The Mermaid's Tale: March 2019

A couple of decades ago, several of us, led by Luca Cavalli-Sforza, Marc Feldman, Ken Kidd, and several others (including yours truly), got together to suggest a worldwide sampling of human genetic diversity that would specifically include the diverse 'anthropological' populations (traditional tribal groups who still existed but were being surrounded or incorporated -- or worse -- by the growing, large agricultural/industrial civilizations. The idea, called the Human Genome Diversity Project (HGDP), was to collect DNA samples from hundreds of populations worldwide who would otherwise be un- or under-represented in the available data on human genomic variation. The large agricultural/industrial populations are swamping (if not literally exterminating) these more ethnically aboriginal peoples. Yet their pattern of genomic diversity is that from which the dense populations derived, and the latters' variation may tell us about the origins and nature, and perhaps adaptive fitness, interactions and so on of the larger pan-human population into which 'we' grew.
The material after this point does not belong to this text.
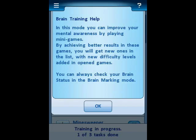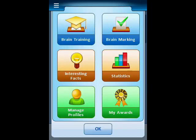You can get brain training help by tapping on the question mark in the upper right-hand corner. You can go through that and find out what you need to know. Tap OK. You tap the arrow object in the center and it brings down a list where you can manage your profiles and look at awards.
The idea of a global HDGP was stifled by two things. One was attacks by political opportunists (and played culpably by the media) who felt this global sampling was demeaning to the aboriginal populations or would be designed imperialistically to profit from those peoples by patenting findings; and secondly, by the hungry economic maw of the human genome sequencing project then in progress and preemptive.

The upshot was that the HGDP was never funded. Luca donated the set of global samples then available to him, to the France-based CEPH website, where they were given the HGDP name (that is still the case, though I think it wrong, because the data set was not a systematically global design-first-then-sample project, so it rather co-opted the HGDP name). Nonetheless, and to the good, the DNA along with analytic results from those samples are freely available to qualified researchers.

Another HGDP organizer, Ken Kidd at Yale (along with his wife, Judy, and other collaborators), has produced an excellent, publicly accessible website called ALFRED, which provides allele frequency data from populations around the world, plus documentation of the sampled population and a variety of other user-friendly features. Among other things, this is a fine tool for teaching global human diversity,

Now, a new paper by Sarah Tishkoff and others (Sirugo et al., "The Missing Diversity in Human Genetic Studies", in Cell 177, March 21, 2019) makes the case for sampling human genomic diversity, of a sort, pointing out various reasons why it would be good to address the current bias in genetics towards Europeans with global sampling of human variation. Obviously, I agree with that although many technical points could be raised about whether the inevitably smaller samples from scattered small populations could possibly be analyzed as effectively as the very large samples required to identify risk variants that are being over-peddled to us via the various 'omics and Big Data advocates.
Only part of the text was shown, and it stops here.